§ Exercise description
Could you transcribe the entries below exactly, starting at the line that contains "Pink toy car" and stopping at the last line, without any pictures?

:::::

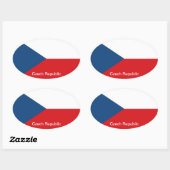 チェコ国旗 楕円形シール (シート)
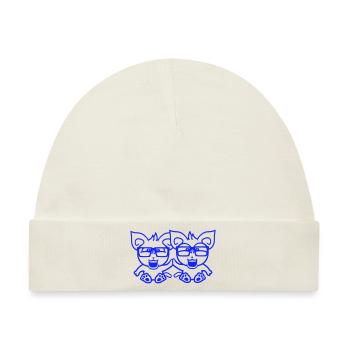 2 Nerd Katzen Freunde Hornbrille Geek Schlau Kopf - Baby Premium Organic Mütze - Naturweiß - Vorne
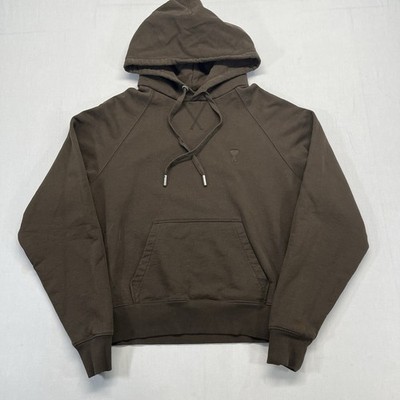 Ami Alexandre Mattiussi Mens Ami De Coeur Pullover Hoodie Medium Brown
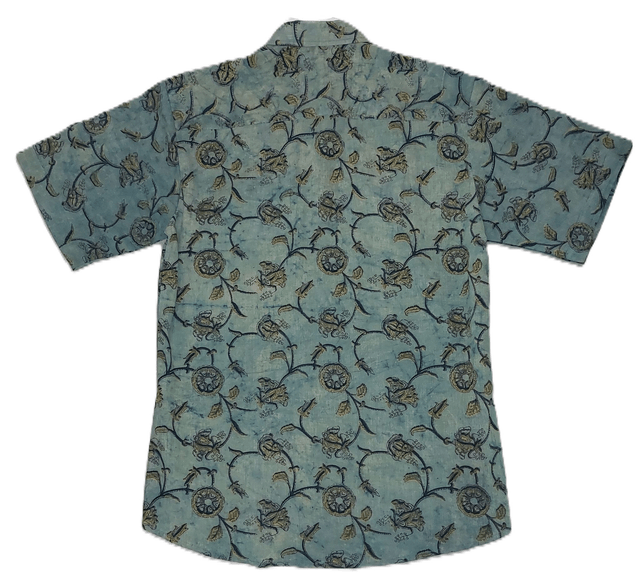Chemise d'été homme manches courtes, teintures naturelles vertes et jaunes, coton imprimé à la main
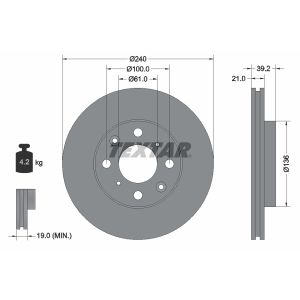 Disque de frein TEXTAR 92110300 avant, ventilé, 1 pièce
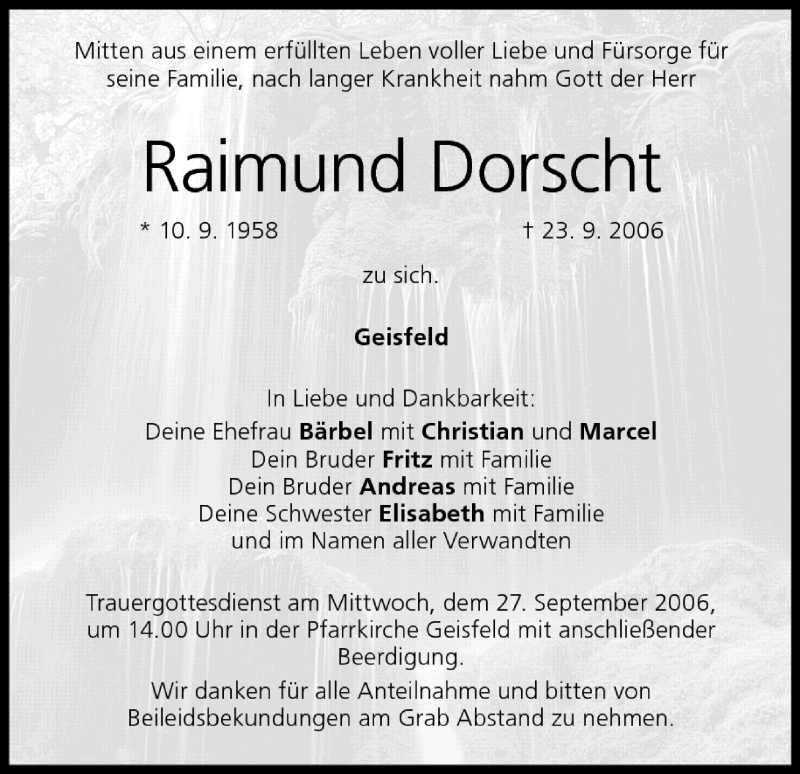  Traueranzeige für Raimund Dorscht vom 26.09.2006 aus MGO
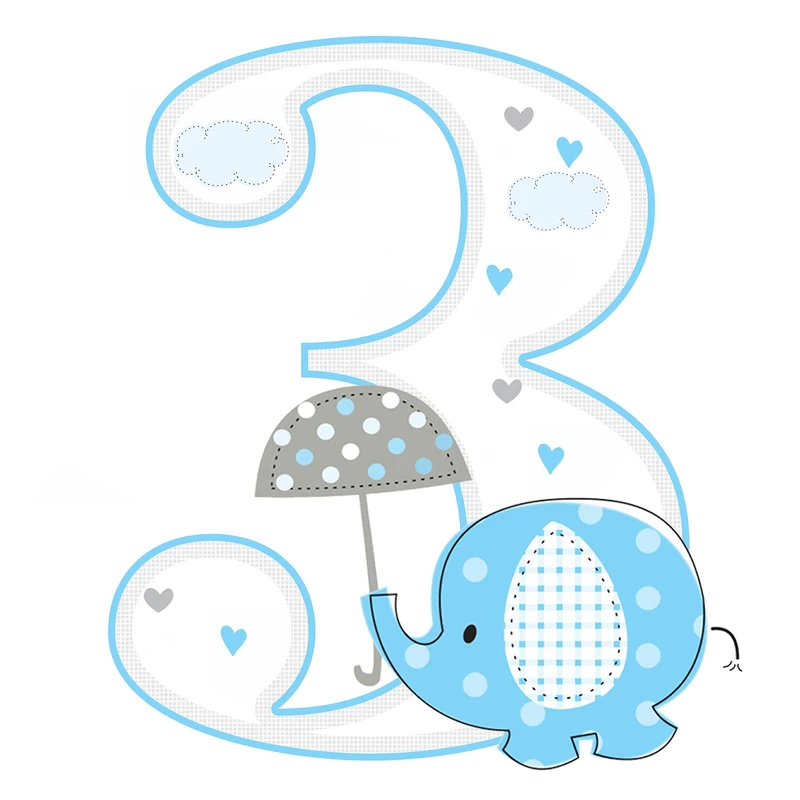  استند رومیزی تولد مدل عدد 3 طرح فیل پسرانه کد 1066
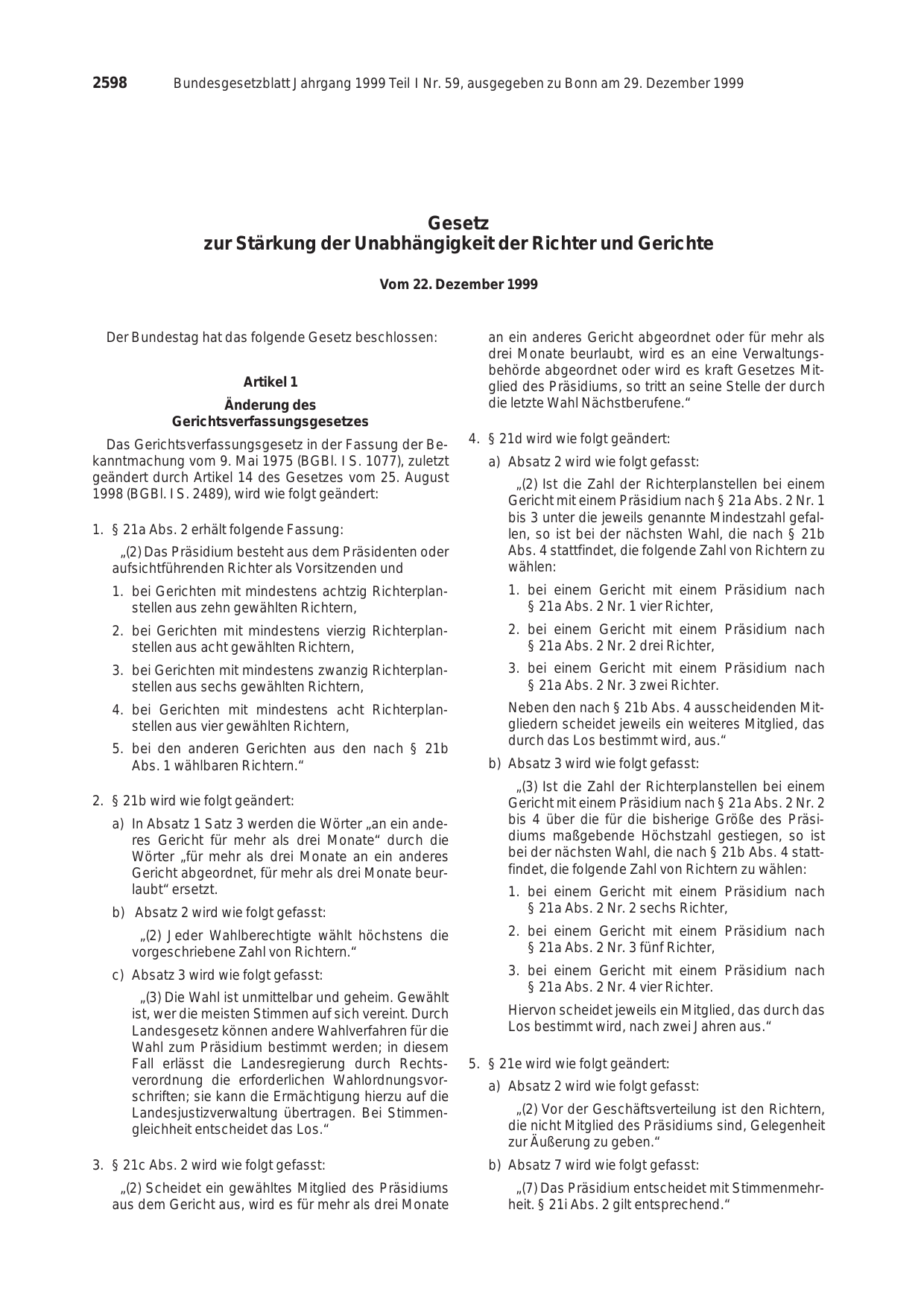 BGBl. 1999, Seite 2598 — Originalseite als Abbildung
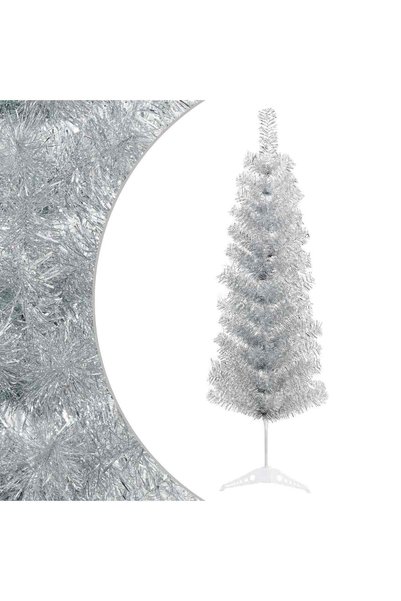 vidaxl Copac Artificial Slăb de Crăciun 150 cm PVC și Oțel Argintiu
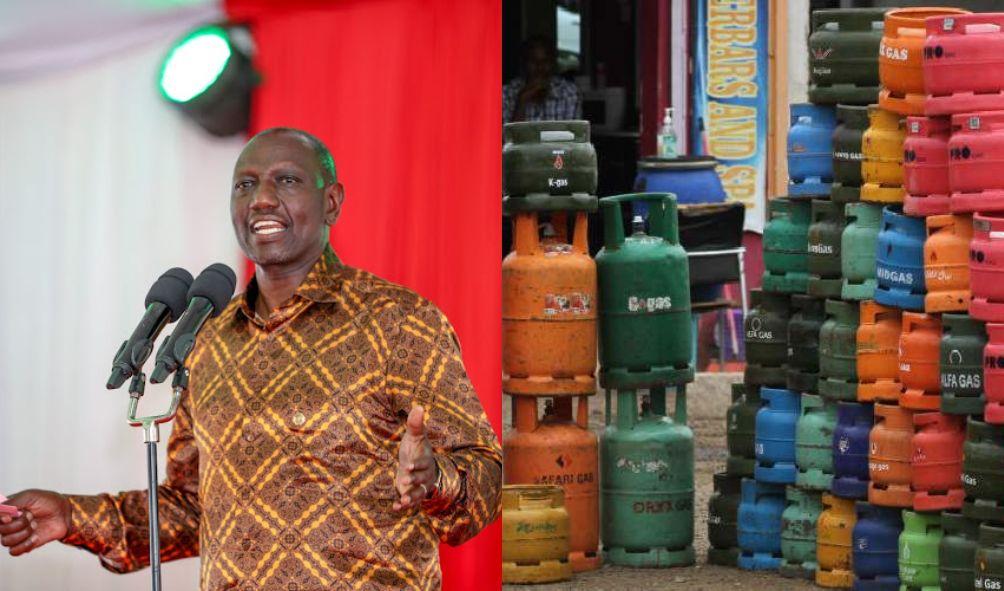 A photo collage of President William Ruto speaking (left) and a collection of LPG gas on sale(right).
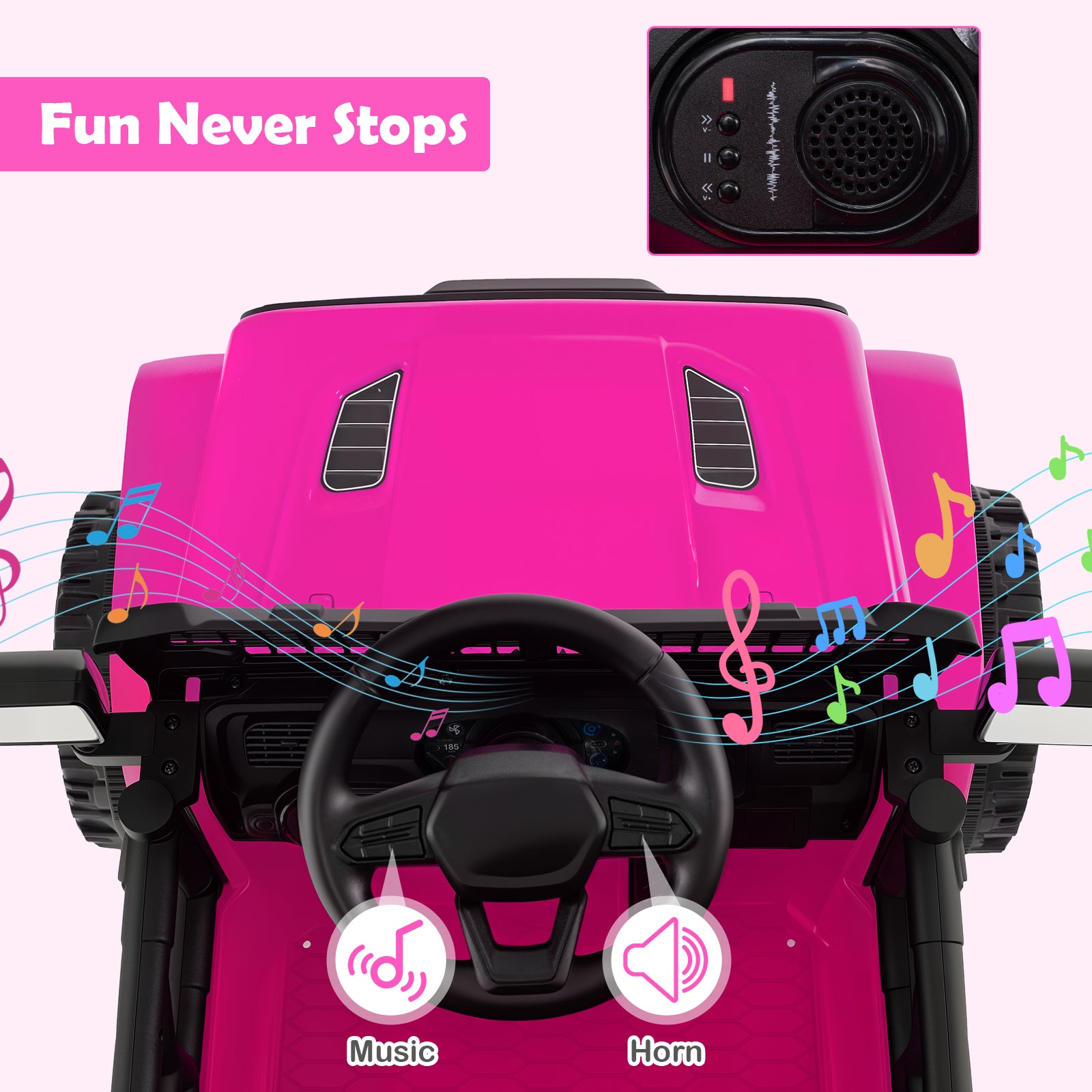 Pink toy car with steering wheel and music/horn indicators on a pink background with 'Fun Never Stops' text.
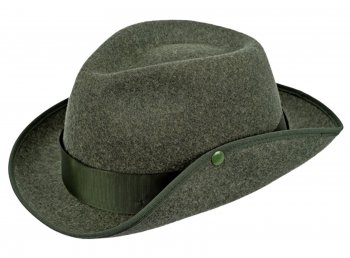 Preview: 10272112- Forsthut - Schützenhut mit Druckknopf grün und dunkelgrün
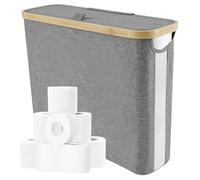 BAODBF Panier de rangement pour papier toilette avec couvercle, 45 x 15 x 35 cm, pour 12 rouleaux de papier toilette, organisateur de papier toilette, pour les espaces étroits (gris)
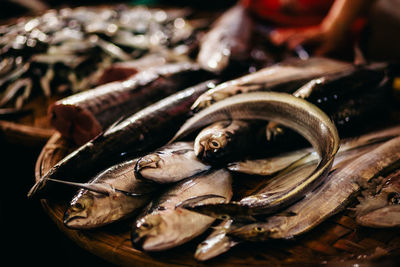 High angle view of fishes in market for sale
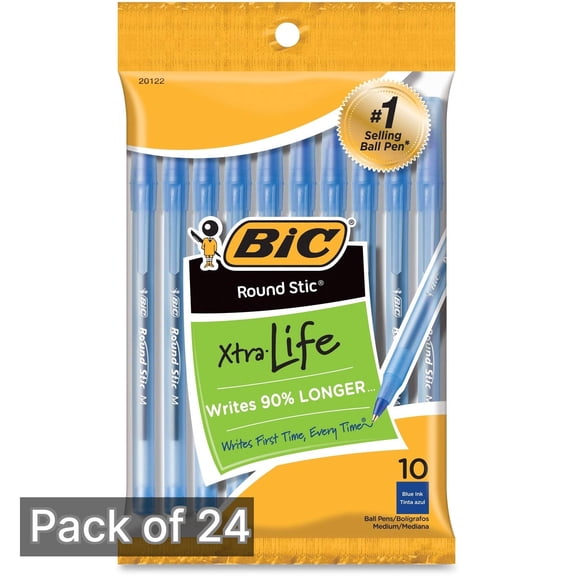 Bic Round Stic Medium Ballpoint Pens, Blue Ink 10-Count (Pack of 24)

:::::

§ Response to this task
 Pink toy car with steering wheel and music/horn indicators on a pink background with 'Fun Never Stops' text.
 Preview: 10272112- Forsthut - Schützenhut mit Druckknopf grün und dunkelgrün
 BAODBF Panier de rangement pour papier toilette avec couvercle, 45 x 15 x 35 cm, pour 12 rouleaux de papier toilette, organisateur de papier toilette, pour les espaces étroits (gris)
 High angle view of fishes in market for sale
 Bic Round Stic Medium Ballpoint Pens, Blue Ink 10-Count (Pack of 24)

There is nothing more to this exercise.